Mistaken Belief in Age: Section 150.1(4)
[54] Section 150.1(4) applies to the sexual interference offence of s. 151. Section 150.1(4) refers to a defence and imposes restrictions upon its availability. The defence, absent the statutory restrictions, has its roots in the common law which permit a defence of mistake about an essential element of an offence requiring proof of mens rea . The section precludes the defence of an honest but mistaken belief that the complainant was at least 16 years old unless the accused took “all reasonable steps” to ascertain the complainant’s age. A similar statutory provision appears in s. 172.1(4) which, like s. 150.1(4), forecloses the defence where the claim is entirely devoid of an objective basis: Morrison at para. 45 ; Carbone, at para. 67 .
[55] Substantive defences like s. 150.1(4) have implications for the burden of proof. An evidentiary burden is imposed on the accused. A persuasive burden on the Crown. The threshold evidentiary burden on the accused is to adduce evidence sufficient to give the defence an air of reality: Morrison, at paras. 84, 118 ; R. v. Levigne, 2010 SCC 25, [2010] 2 S.C.R. 3, at para. 32 (3); and Carbone, at para. 129 . This requires the introduction of evidence that would permit the trier of fact to find that the accused believed the complainant was the required age and took all reasonable steps to determine the complainant’s age: Morrison, at paras. 119-120 ; Carbone, at para. 129 . This is consistent with general principles: R. v. Cinous, 2002 SCC 29, [2002] 2 S.C.R. 3, at paras. 2 , 50-54.
[56] Where an accused fails to meet the evidentiary burden under s. 150.1(4) , the defence available under that section fails in limine in accordance with general principle. However, where the evidentiary burden is met, the defence is in play and becomes available for the trier of fact to consider in accordance with its terms. Once the defence is in play, the burden settles upon the Crown to negate the defence for which the subsection provides. This too accords with general principle, except for those few defences where the legal burden also falls upon the accused.
[57] Where the defence of s. 150.1(4) is in play, the Crown may negate it in either of two ways. The Crown may prove that the accused did not honestly believe that the complainant was at least 16 years old at the time of the alleged offence. Or the Crown may prove that, despite the accused’s claim that they honestly believed that the complainant was at least 16, the accused did not take all reasonable steps to ascertain the complainant’s age: Morrison, at para. 88 ; Carbone, at para. 118 . See also R. v. Saliba, 2013 ONCA 661, 304 C.C.C. (3d) 133, at paras. 26-28 ; R. v.
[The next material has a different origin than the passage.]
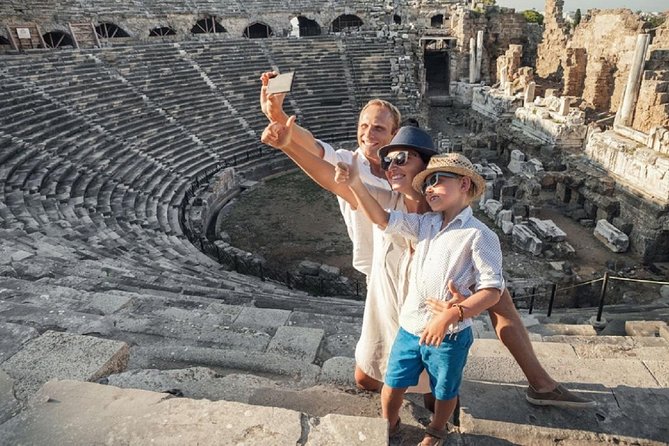 Perge, Aspendos and Waterfalls Sightseeing Tour - Side: pomegranate meaning, plus the best ruins-and-town mix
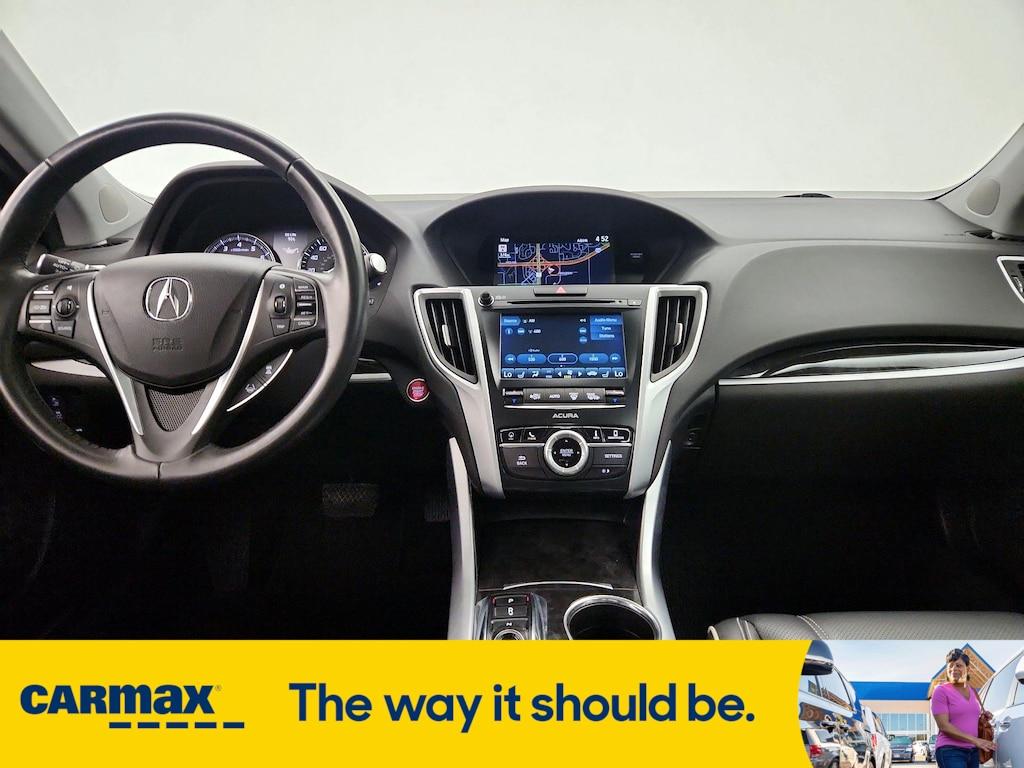 used 2020 Acura TLX car, priced at $28,998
Duran, 2013 ONCA 343, 306 O.A.C. 301, at para. 51 .
[58] The “all reasonable steps” analysis required under s. 150.1(4) is highly contextual and fact specific. As a general rule, the more reasonable an accused’s perception of the complainant’s age, the fewer steps required of the accused to satisfy the standard of diligence imposed: R. v. George, 2017 SCC 38, [2017] 1 S.C.R. 1021, at para. 9 .
[59] Some steps are of no avail in the “all reasonable steps” analysis. The sexual activity itself cannot be summoned in support because the steps must precede the activity which forms the subject matter of the charge. Equally unavailing are steps taken after the alleged interference, although these steps may have purchase on an assessment of the credibility and reliability of a witness. The steps must precede the conduct in issue: George, at paras. 18-21 .
[60] “Reasonable steps” are steps that a reasonable person would take, in the same circumstances known to the accused at the time, to ascertain the complainant’s age. The reasonable steps requirement includes both objective and subjective elements. The steps, viewed objectively, must be reasonable. And the reasonableness of those steps must be asserted in the circumstances known to the accused: Morrison, at para. 105.
[61] “Reasonable steps” are steps that provide information reasonably capable of supporting an accused’s belief that the complainant is of legal age. In other words, the steps must be meaningful. Steps that solicit information that does not reasonably support a belief in legal age are not reasonable steps. Relevant considerations include not only the nature of the steps themselves, but also the information that those steps solicit. The steps need not always be active. However, where the early steps of an accused could reasonably support a belief that the other person is of legal age, but later events raise “red flags” that the other person may not be of legal age, additional steps may be required to meet the standard of s. 150.1(4) : Morrison, at paras. 106-109 .
[62] There is no magic number or exhaustive list of steps that an accused must take to satisfy the “all reasonable steps” requirement in s. 150.1(4) . A practical, common sense approach should prevail, informed by the overarching purpose of the provision – to protect vulnerable young people from sexual crimes by assigning responsibility for preventing adult/youth sexual activity on adults. And by an enhanced standard. Not simply “reasonable steps”, but “all reasonable steps to ascertain the age” of the complainant.
Section 150.1(4) and Proof of Guilt
[63] Where a substantive defence to a charge is in play, but disproved by the Crown, the consequences for proof of the essential elements of the offence vary. To illustrate what I mean, consider the offence of second degree murder and the defences of self-defence, alibi, and provocation.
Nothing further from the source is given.